#### Supplied information
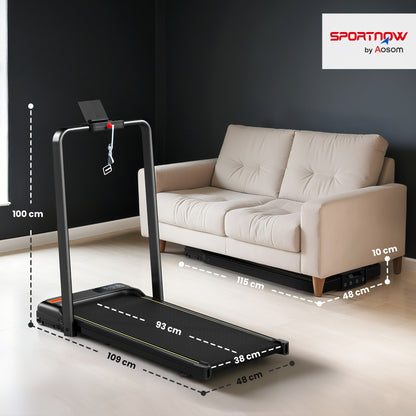 Folding Treadmill Walking Pad, Running Jogging Walking Machine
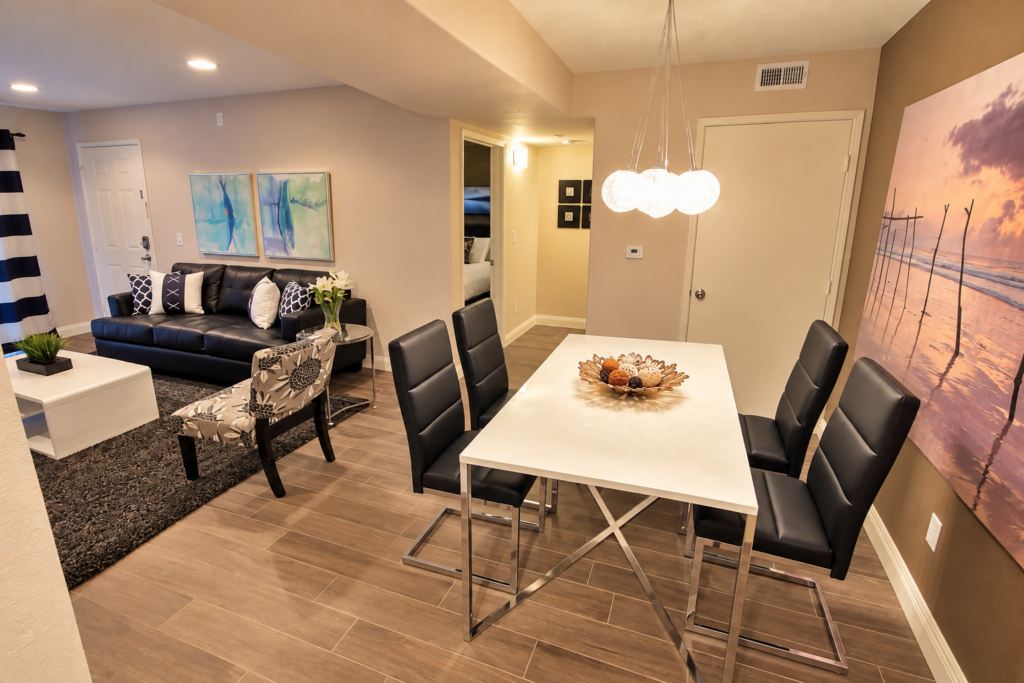 Warm Contemporary Open-Plan Living Space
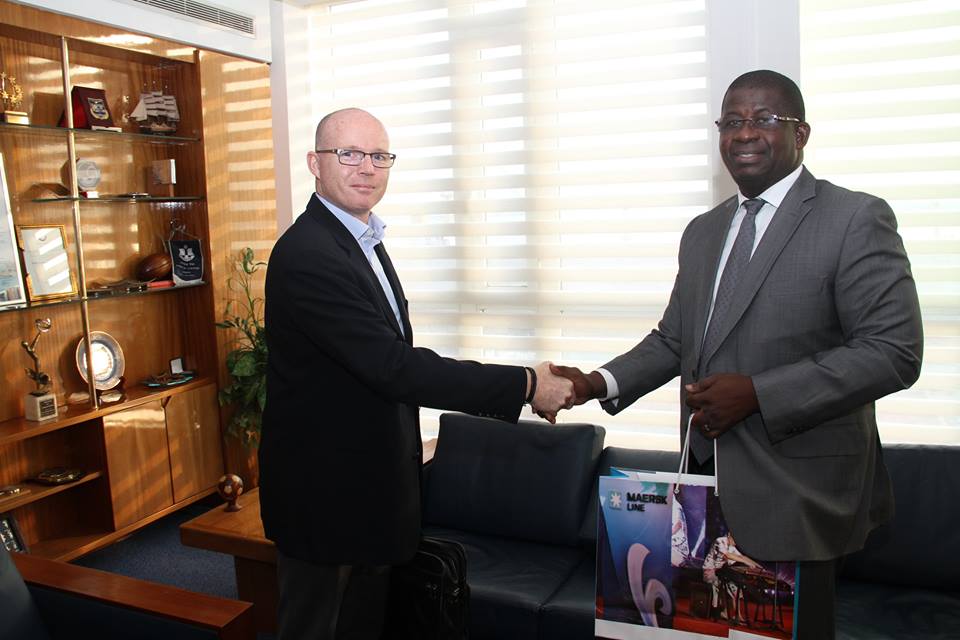 Côte d’Ivoire: Le Directeur général du Port d’Abidjan, Hien Sié reçoit le nouveau patron en CI de l’armateur danois , Maersk Line, Glenn Mac Artney
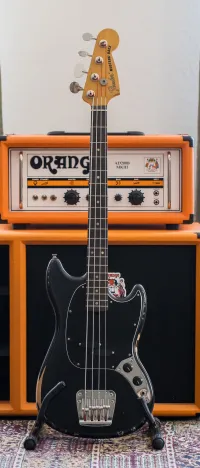 Fender JMJ Road Worn Mustang Bass RW Black Fender JMJ Road Worn Mustang Bass RW Black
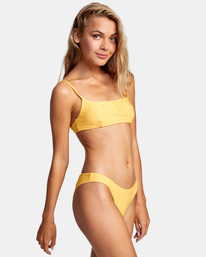 5 Brightside - Braguita de bikini de cobertura reducida para Mujer Amarillo C3SBRFRVP2 RVCA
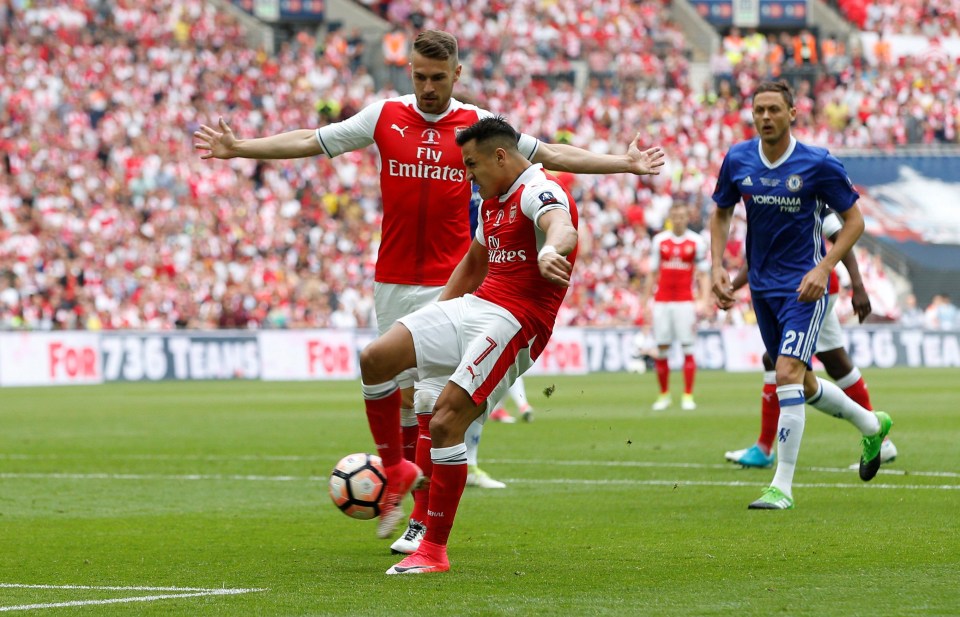 Alexis Sanchez broke the deadlock against Chelsea after just four minutes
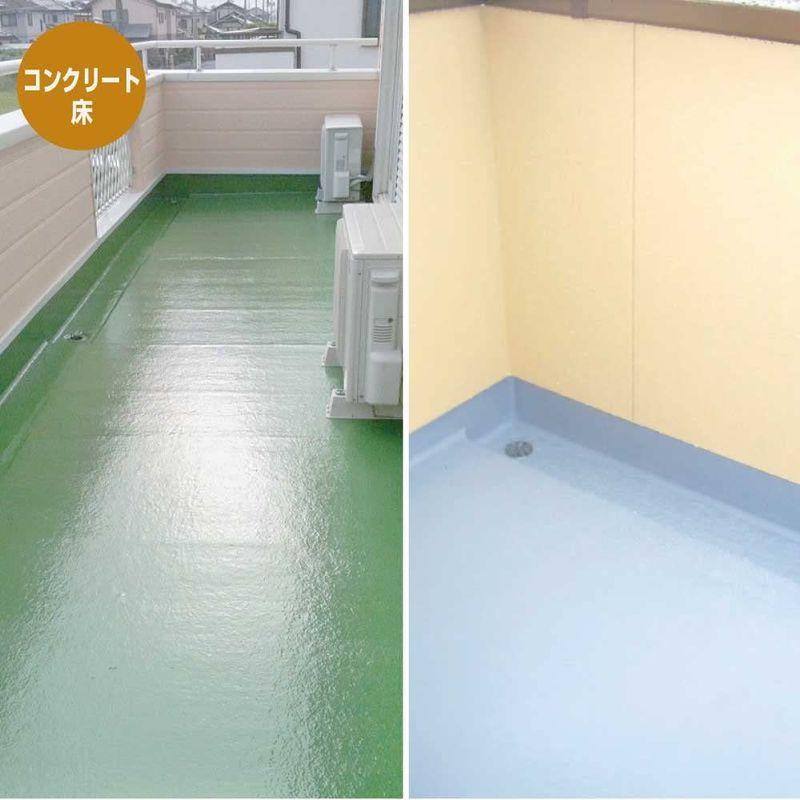 公式通販ショップ カンペハピオ ペンキ 塗料 水性 つやあり 床用 耐摩耗性 高耐水 高光沢 防塵 防汚 水性コンクリートフロア用 グリーン 7K 日本製 0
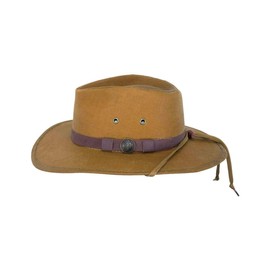 Outback Trading Company Unisex 1480 Kodiak UPF 50 Waterproof Breathable Outdoor Western Cotton Oilskin Hat, Field Tan, Medium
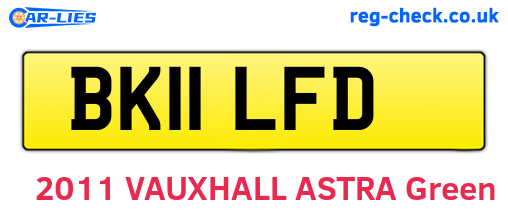 BK11LFD are the vehicle registration plates.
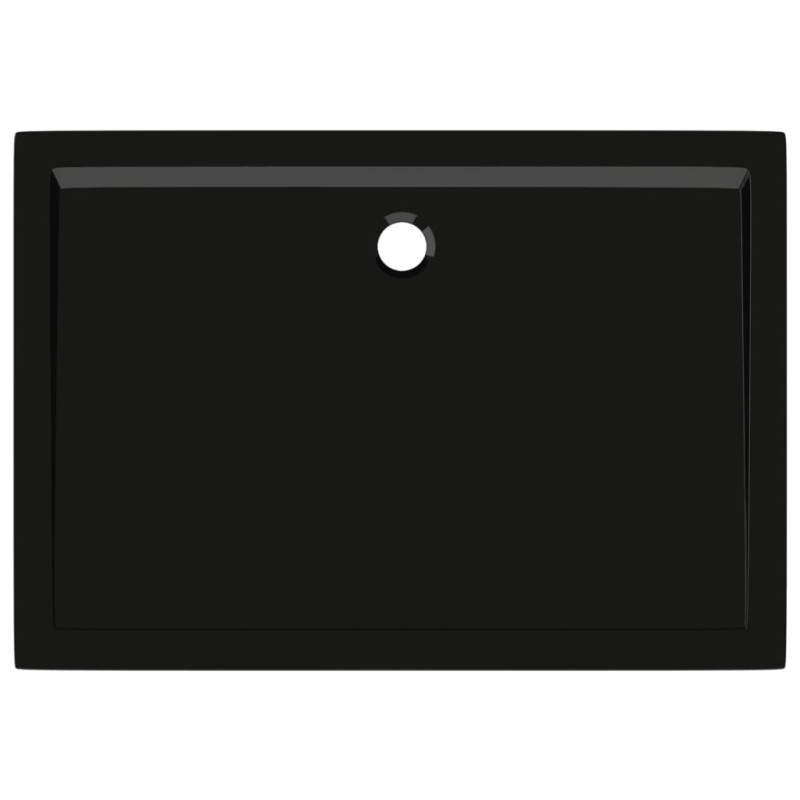 Produktbild för Duschkar rektangulärt ABS svart 70x100 cm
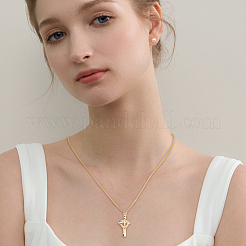 16 pièce de pendentifs en laiton et zircone cubique&nbsp;KK-HS0001-13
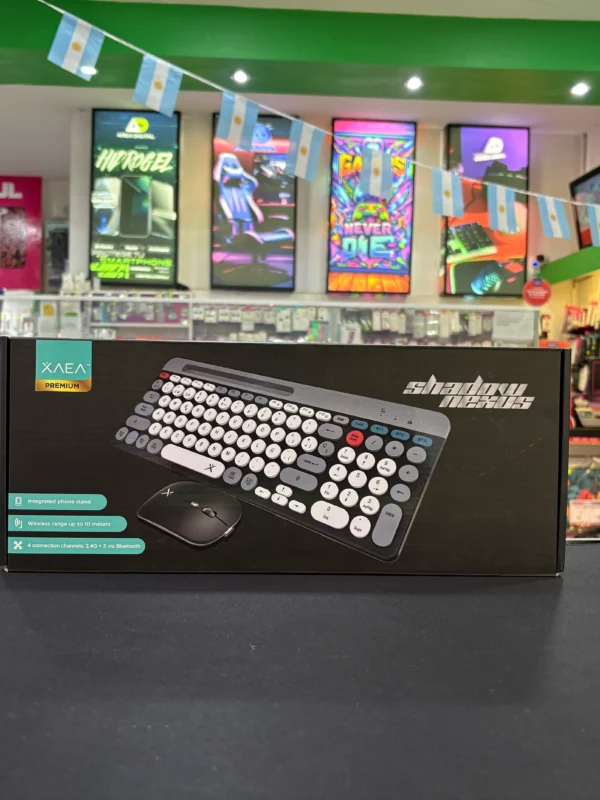 Kit Mouse + Teclado Inalambrico / Bluetooth Xaea Shadow Nexus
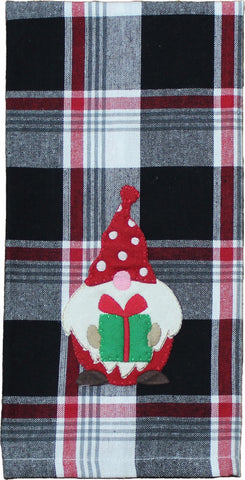 Winter Plaid Gnome Towel (Set of 2)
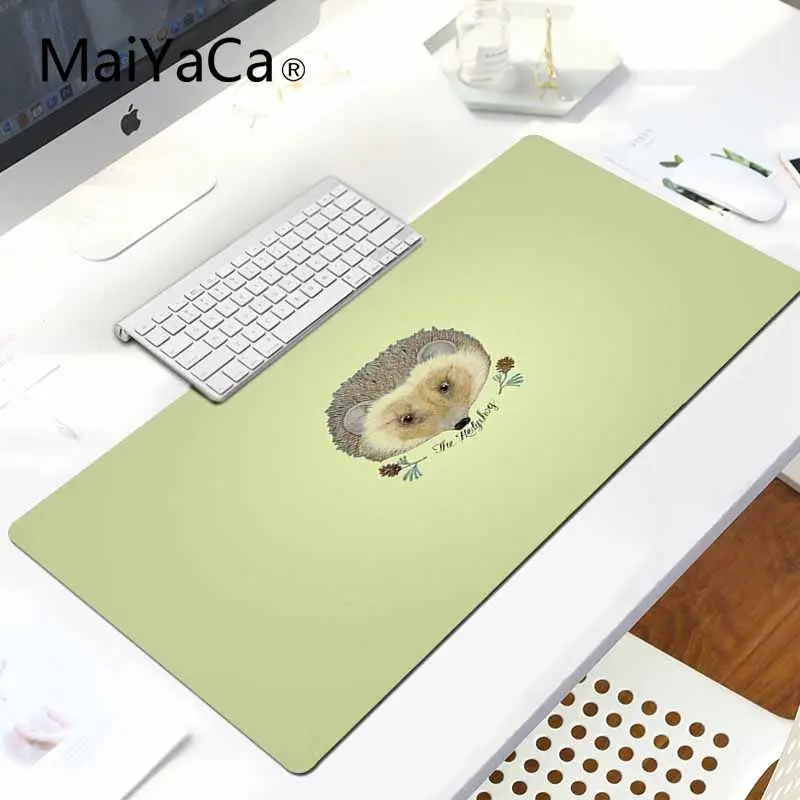 LockEdge 30x80cm MaiYaCa крутой Животный Ежик DIY дизайн игровой с узором коврик для мыши для ноутбука игровой коврик для мыши - Цвет: LockEdge 30x80cm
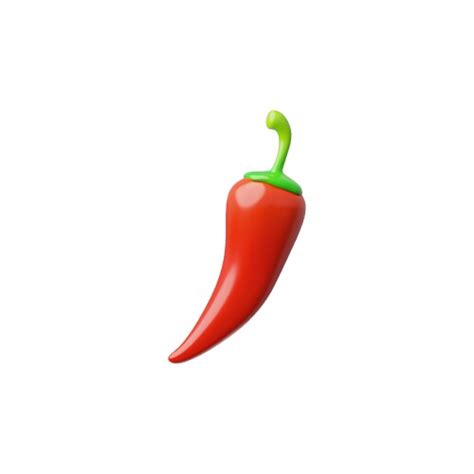 Red Hot Chili Pepper Pod Chopped D Icons Vector Image
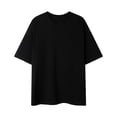 thumbnail image 1 of AherBiu Plus Size T Shirts for Man Crewneck Cotton Soft Tees Casual Summer Solid Color T-Shirts, 1 of 7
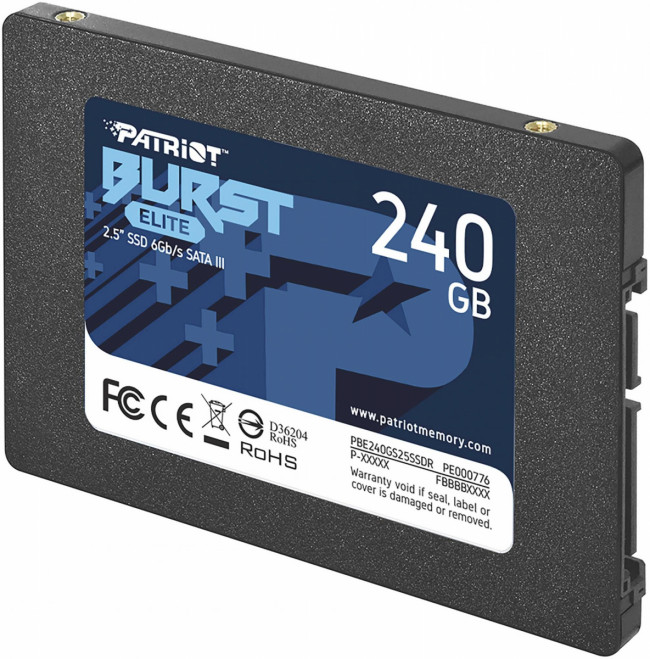 Накопитель SSD Patriot PBE240GS25SSDR — для бизнеса и офиса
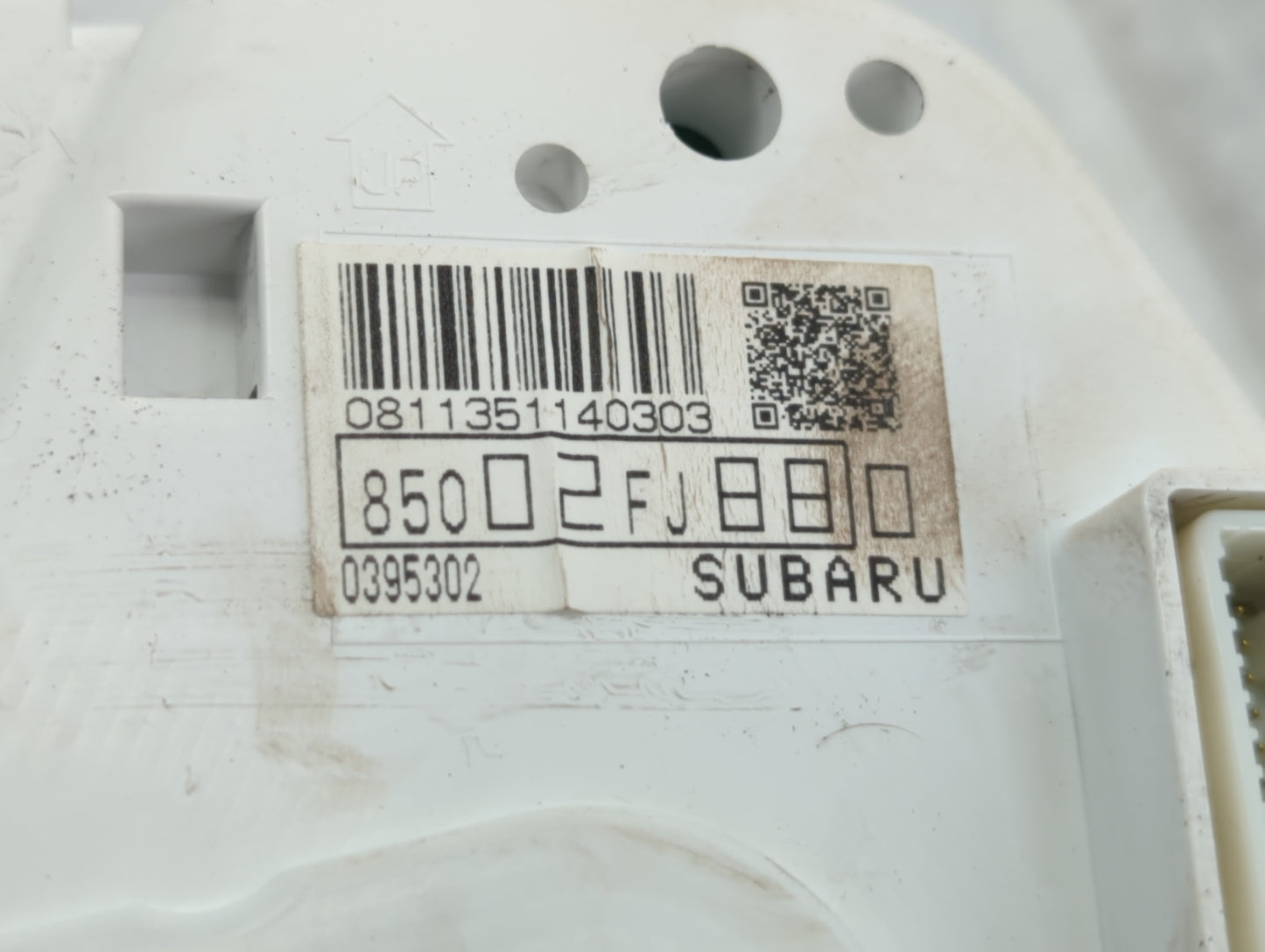 2013 Subaru Impreza Instrument Cluster Speedometer Gauges P/N:85002FJ880 Fits OEM Used Auto Parts - Oemusedautoparts1.com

#### Work required
Repeat the data above exactly, images excluded.

#### Solution
 Folding Treadmill Walking Pad, Running Jogging Walking Machine
 Warm Contemporary Open-Plan Living Space
 Côte d’Ivoire: Le Directeur général du Port d’Abidjan, Hien Sié reçoit le nouveau patron en CI de l’armateur danois , Maersk Line, Glenn Mac Artney
 Fender JMJ Road Worn Mustang Bass RW Black Fender JMJ Road Worn Mustang Bass RW Black
 5 Brightside - Braguita de bikini de cobertura reducida para Mujer Amarillo C3SBRFRVP2 RVCA
 Alexis Sanchez broke the deadlock against Chelsea after just four minutes
 公式通販ショップ カンペハピオ ペンキ 塗料 水性 つやあり 床用 耐摩耗性 高耐水 高光沢 防塵 防汚 水性コンクリートフロア用 グリーン 7K 日本製 0
 Outback Trading Company Unisex 1480 Kodiak UPF 50 Waterproof Breathable Outdoor Western Cotton Oilskin Hat, Field Tan, Medium
 BK11LFD are the vehicle registration plates.
 Produktbild för Duschkar rektangulärt ABS svart 70x100 cm
 16 pièce de pendentifs en laiton et zircone cubique&nbsp;KK-HS0001-13
 Kit Mouse + Teclado Inalambrico / Bluetooth Xaea Shadow Nexus
 Winter Plaid Gnome Towel (Set of 2)
 LockEdge 30x80cm MaiYaCa крутой Животный Ежик DIY дизайн игровой с узором коврик для мыши для ноутбука игровой коврик для мыши - Цвет: LockEdge 30x80cm
 Red Hot Chili Pepper Pod Chopped D Icons Vector Image
 thumbnail image 1 of AherBiu Plus Size T Shirts for Man Crewneck Cotton Soft Tees Casual Summer Solid Color T-Shirts, 1 of 7
 Накопитель SSD Patriot PBE240GS25SSDR — для бизнеса и офиса
 2013 Subaru Impreza Instrument Cluster Speedometer Gauges P/N:85002FJ880 Fits OEM Used Auto Parts - Oemusedautoparts1.com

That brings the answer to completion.